‘Bushy’s’ friend denied $1m will fortune

 

A WOMAN who was left $1.5 million in her Goondiwindi friend's last will is set to get only $500,000 out of his $7.4 million estate, after a judge ruled the will invalid.

Justice Peter Applegarth was satisfied Norm Hottes, a bachelor with no children, lacked testamentary capacity when he made his third will just a few months before his death.

Mr Hottes, a "bushy at heart'' who hated paying taxes and was careful with his money, left his entire estate to his Goondiwindi neighbours, Justin and Vikki Rowe, in his first will in 2016.

Mr Hottes, who died last year aged 87, had lived alone on his Goondiwindi property since 2004, but almost every Sunday he would visit the Rowe family, the Supreme Court heard.

He had increasingly relied upon the couple after he developed a series of chronic illnesses, before and after he moved from his property into aged care.

Norm Hottes, a “bushy at heart’’ who hated paying taxes and was careful with his money, left his entire estate to his Goondiwindi neighbours, Justin and Vikki Rowe, in his first will in 2016.
Norm Hottes, a “bushy at heart’’ who hated paying taxes and was careful with his money, left his entire estate to his Goondiwindi neighbours, Justin and Vikki Rowe, in his first will in 2016.

In his second 2016 will, Mr Hottes gave a $500,000 gift to his friend of 30 years, Kathy Sudholz, and the remainder of the estate to the Rowes, the executors of his will.
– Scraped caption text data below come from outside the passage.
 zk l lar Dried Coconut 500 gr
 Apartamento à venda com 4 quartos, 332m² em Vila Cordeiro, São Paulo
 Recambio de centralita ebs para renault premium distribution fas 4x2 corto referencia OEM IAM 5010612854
But in November 2017, Mr Hottes made a third will, instructing his solicitor to increase the gift to Ms Sudholz from $500,000 to $1.5 million.

Mr Hottes did not explain why he was making the substantial change and the solicitor did not ask him, despite "alarm bells ringing'' about his testamentary capacity, the court heard.
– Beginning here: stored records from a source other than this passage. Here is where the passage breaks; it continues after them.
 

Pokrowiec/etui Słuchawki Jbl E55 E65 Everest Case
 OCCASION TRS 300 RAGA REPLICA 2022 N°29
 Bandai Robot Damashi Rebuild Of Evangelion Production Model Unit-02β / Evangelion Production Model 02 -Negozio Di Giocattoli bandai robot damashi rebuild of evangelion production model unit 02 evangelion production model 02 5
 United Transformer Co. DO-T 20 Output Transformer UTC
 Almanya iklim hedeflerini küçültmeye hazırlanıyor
Mr Hottes, an ex-truckie, had run a transport business until he had an accident at age 77. Before he got too sick, he would tinker in his shed, search for useful things at the dump and pick fruit.

On weekdays, he would drive into Goondiwindi to sit with other elderly town folk outside the council chambers, on what was known by locals as the "Seat of Knowledge''.

As his health declined, the Rowes would help around his property or with his car, sort his business problems, and in 2013 they became his attorneys for financial and health matters.

Years before his death, Mr Hottes told Ms Sudholz he wanted to leave her his house and he also offered to pay off her mortgage, but she declined the offers.

The court heard that after the Rowes went on an overseas trip in 2016, Mr Hottes became depressed and confused, and he felt abandoned.

Soon after their return, a solicitor obtained instructions from Mr Hottes, over the phone, to prepare a new will, his third.

Justice Applegarth said when he signed the new will, on November 28, 2017, Mr Hottes suffered from dementia and cognitive impairment, and was unwell.

"The evidence strongly suggests that his mental faculties had been so affected as to make him unequal to the task of making a will, even a relatively simple will of the kind he made,'' the judge said.

But Justice Applegarth found that when he made his second 2016 will, Mr Hottes was not so affected by dementia, depression or other conditions that he could not make decisions.

He was satisfied Mr Hottes had testamentary capacity to make that will, in which he left Ms Sudholz $500,000, with the rest of the estate to go to the Rowes.

At the time of his death, Mr Hottes's assets totalled $7,437,530, including $3.3 million in cash and term deposits, and $2.6 million in shares.